Using more than 15 operands in inline assembly of the symbolic form: "... lots of assembly elided ..." \ "movaps %[inner_filter_index], %[icoeff_l2]\n\t" \ :[icoeff_l2] "+x" (icoeff_l2), \ [inner_filter_index] "+x" (inner_filter_index), \ ... 13 more operands .. . blows up at 16 register names, which is a bit lower than 30, and in either case, too low for modern vector architectures such as the x86_64, vmx, larrabee, etc. Test program to come...
Created attachment 17672 [details] Test program demonstrating 16 register breakage on inline asm in x86_64
tested against: gcc (Ubuntu 4.3.2-1ubuntu12) 4.3.2 - fails
"+x" counts as 2 operands, not just one (one input and one output).
"+" counts as two operands? ok, that makes sense. So, basically 2*num_of_physical_regs would be a saner default ...
Actually no, it would be better if you moved over to using the intrincs which can be optimized and scheduled.
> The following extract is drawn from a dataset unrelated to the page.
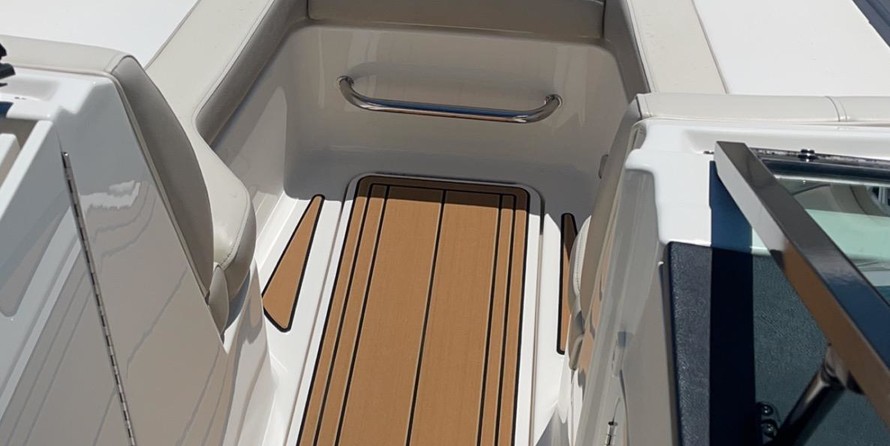 Sea Ray 220 Sundeck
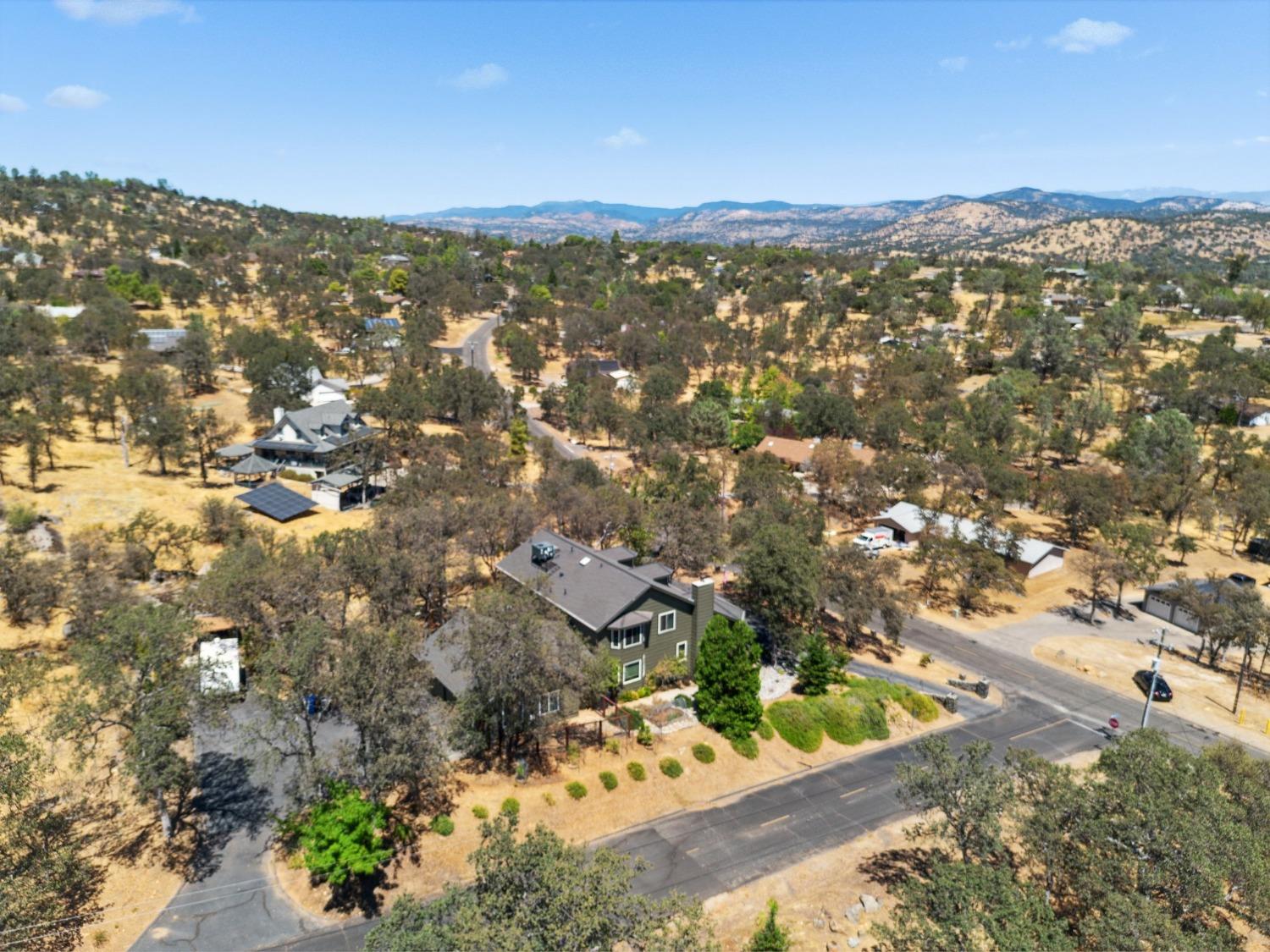 30030 Horseshoe Dr, Coarsegold, CA 93614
Pinska: Actually, no. I started with the intrinsics and looked hard at what the code scheduler was doing before settling on rewriting this in inline assembly. The intrinsics have several problems that effect the code quality in this case. 1) They don't issue a request from memory for many instructions, such as cvtps2pd. Doing oneliners for stuff like is feasible but even harder to understand and debug than pure assembly. Gcc also seems to have a misguided sense for how many clocks cvtX2Y instructions take. 2) The combination of intrinsics, C, and assembly gcc was generating included a lot of extra instructions, promoting ints to longs, leas, etc. 3) The optimizer tends to push prefetches to the end of the loop when it really needs to happen as early as possible. This particular bit of code *might* benefit from prefetching (it is not a very predictable access pattern) but at the end of the loop prefetches hurt more than they help. 4) this code is right up against the edge of the x86_64 register set (all the xmm registers (for 8 channel resampling) and 7 integer registers) 5) You can't use push/pop across multiple bits of inline assembly. Yes, it would be nice if gcc did a better job on it... I can show you oprofiles of the gcc generated code, but the larger point remains that doing complex vectorized operations tends to use up a lot of registers and doing it well requires hand optimized assembly... and to do that well, it would be helpful to have as many named parameters available as in the register set.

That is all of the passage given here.